15 July 2014
The Australian Dairyfarmer
INSURANCE Council of Australia president Mark Milliner has warned the expected boom in insurance and investment in developing Australia’s north will never happen unless governments make a front-end investment in resilience and mitigation.
“Northern Australia is in danger of being left behind the rest of Australia economically unless risk and resilience are addressed,” Mr Milliner said.
“Most business can see the economic opportunity that exists in the far north. However, risk and the cost of accepting that risk weigh heavy when considering commercial, tourism and infrastructure developments.”
Mr Milliner, who is also chief executive of insurance at Suncorp, said that because there had been such little work done investing in mitigation in areas such as the tropics, where tourism assets are held, scarce new insurance cover had been provided.
“While we are seeing increased insurance competition in northern Australia, the lack of quality resilience data and investment has led to some insurers solely focusing on low-risk customers,” Mr Milliner said.
Mr Milliner’s comments come as the financial services and natural disaster funding inquiries are due to release findings.
The north of Australia has become a major area of interest, with a federal government green paper on Developing Northern Australia released last month, a white paper on the same topic to be finished next year, a Northern Australian Advisory Group established and a Northern Development Summit having taken place last month organised by the Australian Davos Connection.
A former ambassador to China, Geoff Raby, said last month there was a once-in-a-generation chance to develop Australia’s north in the context of massive geopolitical shifts in the region.
Australia’s richest person, Gina Rinehart, has also backed major development of the north, saying it “has vast potential as a food producer”.
A new KPMG report commissioned by Suncorp for the financial service and natural disaster funding inquiries has found that “a program of structured mitigation has significant upside and could be of demonstrated benefit where it is targeted to high risk areas”.
KPMG modelled the different economic costs of a one-in-10-year event under three different approaches.
It found that under the existing approach, the economic cost of a one-in ten-year catastrophe would be $12.3 billion. Under a government-assisted pooled insurance scheme the cost would be $14.6 billion but under a proper mitigation scenario the cost would be only $4.8 billion.

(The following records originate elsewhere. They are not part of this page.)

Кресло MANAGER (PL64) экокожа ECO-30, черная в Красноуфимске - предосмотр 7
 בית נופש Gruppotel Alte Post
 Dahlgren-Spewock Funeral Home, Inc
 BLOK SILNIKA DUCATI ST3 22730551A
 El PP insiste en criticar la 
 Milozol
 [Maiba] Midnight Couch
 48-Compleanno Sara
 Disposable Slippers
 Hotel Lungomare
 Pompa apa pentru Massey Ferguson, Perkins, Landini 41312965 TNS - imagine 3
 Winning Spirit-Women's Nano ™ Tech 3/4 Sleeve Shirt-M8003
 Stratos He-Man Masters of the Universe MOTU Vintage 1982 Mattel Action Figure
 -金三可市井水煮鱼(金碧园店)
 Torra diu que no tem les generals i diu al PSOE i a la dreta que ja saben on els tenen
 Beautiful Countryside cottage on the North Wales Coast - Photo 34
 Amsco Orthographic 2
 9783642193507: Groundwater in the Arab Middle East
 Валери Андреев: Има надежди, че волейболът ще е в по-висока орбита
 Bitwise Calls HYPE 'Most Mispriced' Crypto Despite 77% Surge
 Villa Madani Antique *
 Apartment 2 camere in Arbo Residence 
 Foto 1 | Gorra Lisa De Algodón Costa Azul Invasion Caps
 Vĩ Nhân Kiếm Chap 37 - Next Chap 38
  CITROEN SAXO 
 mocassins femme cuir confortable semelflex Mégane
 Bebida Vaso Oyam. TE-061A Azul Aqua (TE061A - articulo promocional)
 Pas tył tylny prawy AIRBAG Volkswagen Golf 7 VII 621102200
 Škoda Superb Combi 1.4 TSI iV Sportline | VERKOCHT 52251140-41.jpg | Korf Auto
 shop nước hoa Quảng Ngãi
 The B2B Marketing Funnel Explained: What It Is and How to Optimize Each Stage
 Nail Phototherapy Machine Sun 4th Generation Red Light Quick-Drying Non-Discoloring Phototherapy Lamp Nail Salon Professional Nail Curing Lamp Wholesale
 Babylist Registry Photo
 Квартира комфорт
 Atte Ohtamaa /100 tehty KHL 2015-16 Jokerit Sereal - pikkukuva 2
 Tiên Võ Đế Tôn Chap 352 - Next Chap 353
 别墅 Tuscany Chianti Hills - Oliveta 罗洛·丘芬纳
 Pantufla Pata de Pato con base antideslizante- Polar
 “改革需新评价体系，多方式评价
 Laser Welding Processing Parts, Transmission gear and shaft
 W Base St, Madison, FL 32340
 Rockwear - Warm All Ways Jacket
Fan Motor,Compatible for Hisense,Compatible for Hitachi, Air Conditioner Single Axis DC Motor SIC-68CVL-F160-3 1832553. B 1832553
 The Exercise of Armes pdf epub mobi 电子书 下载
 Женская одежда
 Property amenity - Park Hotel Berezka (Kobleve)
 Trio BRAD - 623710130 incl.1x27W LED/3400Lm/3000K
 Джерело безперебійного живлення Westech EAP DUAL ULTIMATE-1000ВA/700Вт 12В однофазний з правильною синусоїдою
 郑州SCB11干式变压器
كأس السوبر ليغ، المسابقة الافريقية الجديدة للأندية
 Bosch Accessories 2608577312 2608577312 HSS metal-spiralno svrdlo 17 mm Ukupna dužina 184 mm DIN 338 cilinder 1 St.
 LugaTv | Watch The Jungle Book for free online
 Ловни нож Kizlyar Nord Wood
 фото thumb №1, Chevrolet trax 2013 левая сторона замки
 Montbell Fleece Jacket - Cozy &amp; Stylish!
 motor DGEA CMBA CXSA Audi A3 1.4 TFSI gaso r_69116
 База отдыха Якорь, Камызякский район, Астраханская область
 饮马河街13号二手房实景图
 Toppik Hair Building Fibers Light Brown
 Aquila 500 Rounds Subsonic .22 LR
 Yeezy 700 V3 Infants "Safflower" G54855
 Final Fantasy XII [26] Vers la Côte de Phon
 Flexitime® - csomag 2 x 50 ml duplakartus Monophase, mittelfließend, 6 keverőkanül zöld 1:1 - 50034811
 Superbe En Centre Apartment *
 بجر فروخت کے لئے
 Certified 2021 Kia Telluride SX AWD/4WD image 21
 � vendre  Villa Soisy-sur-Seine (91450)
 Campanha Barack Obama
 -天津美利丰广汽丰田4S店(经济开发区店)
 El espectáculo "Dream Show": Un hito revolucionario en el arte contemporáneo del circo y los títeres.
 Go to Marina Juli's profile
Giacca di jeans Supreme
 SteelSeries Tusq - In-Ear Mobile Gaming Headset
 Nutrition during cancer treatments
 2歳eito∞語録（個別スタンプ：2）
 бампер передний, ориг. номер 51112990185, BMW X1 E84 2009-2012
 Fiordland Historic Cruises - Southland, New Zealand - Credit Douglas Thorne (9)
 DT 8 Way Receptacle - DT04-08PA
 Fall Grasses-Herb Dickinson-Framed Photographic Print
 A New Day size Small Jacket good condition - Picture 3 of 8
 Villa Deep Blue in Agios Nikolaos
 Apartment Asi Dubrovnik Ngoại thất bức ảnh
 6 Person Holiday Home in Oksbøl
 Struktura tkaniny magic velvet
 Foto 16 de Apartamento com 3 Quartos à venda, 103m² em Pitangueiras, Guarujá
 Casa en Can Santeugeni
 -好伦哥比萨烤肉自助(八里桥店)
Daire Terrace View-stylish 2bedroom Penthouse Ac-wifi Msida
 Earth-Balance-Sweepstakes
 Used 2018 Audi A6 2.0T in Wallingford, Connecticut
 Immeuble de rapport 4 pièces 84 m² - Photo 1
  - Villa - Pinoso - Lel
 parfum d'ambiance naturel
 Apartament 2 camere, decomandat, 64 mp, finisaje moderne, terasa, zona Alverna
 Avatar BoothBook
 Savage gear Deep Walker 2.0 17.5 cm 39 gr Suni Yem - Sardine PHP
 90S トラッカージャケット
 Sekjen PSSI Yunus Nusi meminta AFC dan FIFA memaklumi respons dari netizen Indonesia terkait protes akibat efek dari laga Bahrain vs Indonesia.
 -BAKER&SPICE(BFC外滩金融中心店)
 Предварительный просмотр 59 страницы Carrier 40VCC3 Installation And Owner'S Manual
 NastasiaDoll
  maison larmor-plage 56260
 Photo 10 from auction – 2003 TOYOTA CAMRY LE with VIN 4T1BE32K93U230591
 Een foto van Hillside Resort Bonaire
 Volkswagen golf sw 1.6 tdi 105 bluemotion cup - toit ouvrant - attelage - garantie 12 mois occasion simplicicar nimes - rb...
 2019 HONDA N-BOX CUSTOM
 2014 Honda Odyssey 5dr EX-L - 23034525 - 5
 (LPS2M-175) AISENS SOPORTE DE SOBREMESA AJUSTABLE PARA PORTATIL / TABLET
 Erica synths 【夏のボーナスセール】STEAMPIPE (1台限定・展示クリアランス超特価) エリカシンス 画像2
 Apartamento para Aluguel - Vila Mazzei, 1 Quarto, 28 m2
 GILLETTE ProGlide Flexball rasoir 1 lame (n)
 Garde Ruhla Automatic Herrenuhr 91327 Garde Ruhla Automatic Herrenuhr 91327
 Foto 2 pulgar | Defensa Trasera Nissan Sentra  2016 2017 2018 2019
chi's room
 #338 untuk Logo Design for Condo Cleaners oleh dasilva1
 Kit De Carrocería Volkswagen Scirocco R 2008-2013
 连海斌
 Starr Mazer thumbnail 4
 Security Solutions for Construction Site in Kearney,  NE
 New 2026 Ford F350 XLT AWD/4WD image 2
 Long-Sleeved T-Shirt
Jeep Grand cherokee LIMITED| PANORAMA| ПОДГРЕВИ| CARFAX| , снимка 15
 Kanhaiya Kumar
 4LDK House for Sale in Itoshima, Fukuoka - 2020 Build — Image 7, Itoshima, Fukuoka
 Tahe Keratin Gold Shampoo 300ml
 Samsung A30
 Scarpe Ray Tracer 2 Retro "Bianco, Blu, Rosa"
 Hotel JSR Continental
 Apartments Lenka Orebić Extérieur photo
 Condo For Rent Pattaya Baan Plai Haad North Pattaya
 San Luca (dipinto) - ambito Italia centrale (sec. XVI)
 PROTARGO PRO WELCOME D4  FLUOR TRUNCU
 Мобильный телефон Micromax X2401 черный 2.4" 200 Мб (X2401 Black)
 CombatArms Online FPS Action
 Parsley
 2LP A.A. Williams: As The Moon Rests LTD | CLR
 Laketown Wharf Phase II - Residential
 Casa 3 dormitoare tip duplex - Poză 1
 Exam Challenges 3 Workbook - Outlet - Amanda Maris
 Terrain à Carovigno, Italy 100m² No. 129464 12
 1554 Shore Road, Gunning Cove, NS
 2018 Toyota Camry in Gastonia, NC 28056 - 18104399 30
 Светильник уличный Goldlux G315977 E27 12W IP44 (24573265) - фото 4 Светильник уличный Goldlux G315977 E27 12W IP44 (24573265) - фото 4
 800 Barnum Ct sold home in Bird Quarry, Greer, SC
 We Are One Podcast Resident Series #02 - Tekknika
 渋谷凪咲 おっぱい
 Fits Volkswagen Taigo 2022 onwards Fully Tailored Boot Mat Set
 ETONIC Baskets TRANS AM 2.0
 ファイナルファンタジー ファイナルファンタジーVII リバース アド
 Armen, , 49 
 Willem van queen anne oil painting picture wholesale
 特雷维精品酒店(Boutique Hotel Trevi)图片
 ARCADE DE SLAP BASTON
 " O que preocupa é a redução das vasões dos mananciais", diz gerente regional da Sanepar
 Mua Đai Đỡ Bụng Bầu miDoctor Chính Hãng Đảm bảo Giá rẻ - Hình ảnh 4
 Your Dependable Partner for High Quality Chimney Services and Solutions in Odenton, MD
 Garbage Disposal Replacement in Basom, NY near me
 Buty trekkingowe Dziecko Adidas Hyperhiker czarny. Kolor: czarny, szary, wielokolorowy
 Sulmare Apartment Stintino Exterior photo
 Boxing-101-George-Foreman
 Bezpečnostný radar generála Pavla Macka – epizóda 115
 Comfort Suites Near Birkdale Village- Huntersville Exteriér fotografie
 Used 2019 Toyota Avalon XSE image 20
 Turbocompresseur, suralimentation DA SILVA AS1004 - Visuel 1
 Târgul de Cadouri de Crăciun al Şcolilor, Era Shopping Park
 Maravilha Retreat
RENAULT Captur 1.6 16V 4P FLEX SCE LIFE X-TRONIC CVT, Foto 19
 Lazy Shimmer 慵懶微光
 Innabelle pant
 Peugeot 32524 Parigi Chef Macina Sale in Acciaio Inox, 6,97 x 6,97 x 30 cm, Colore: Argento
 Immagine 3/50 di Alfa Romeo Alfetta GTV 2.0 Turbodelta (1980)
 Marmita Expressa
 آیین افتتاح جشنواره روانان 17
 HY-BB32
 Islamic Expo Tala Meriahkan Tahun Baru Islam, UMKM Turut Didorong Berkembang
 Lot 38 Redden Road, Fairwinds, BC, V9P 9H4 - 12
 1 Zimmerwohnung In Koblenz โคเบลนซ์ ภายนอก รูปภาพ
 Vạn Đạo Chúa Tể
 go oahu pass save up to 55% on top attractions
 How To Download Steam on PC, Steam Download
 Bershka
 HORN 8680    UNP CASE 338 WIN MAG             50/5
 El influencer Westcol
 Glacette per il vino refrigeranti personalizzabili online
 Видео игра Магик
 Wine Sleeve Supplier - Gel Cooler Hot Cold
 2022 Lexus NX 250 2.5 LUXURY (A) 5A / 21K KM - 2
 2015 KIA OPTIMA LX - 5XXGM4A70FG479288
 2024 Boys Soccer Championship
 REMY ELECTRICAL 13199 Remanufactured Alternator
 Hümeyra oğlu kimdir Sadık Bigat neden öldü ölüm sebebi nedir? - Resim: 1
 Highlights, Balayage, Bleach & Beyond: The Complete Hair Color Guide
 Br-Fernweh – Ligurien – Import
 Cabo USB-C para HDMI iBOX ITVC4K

“The potential savings are demonstrable through numerous case studies,” the report said. It noted that a comparative insurance pool established in the US to provide flood insurance at subsidised rates to high-risk areas was not successful. The scheme has a deficit of $US24 billion ($25.5 billion) and “does not appear to be financially viable”.
“Over the long-term government investment in natural disaster management can have the greatest economic value in structured mitigation programs, rather than post-disaster assistance,” the report found.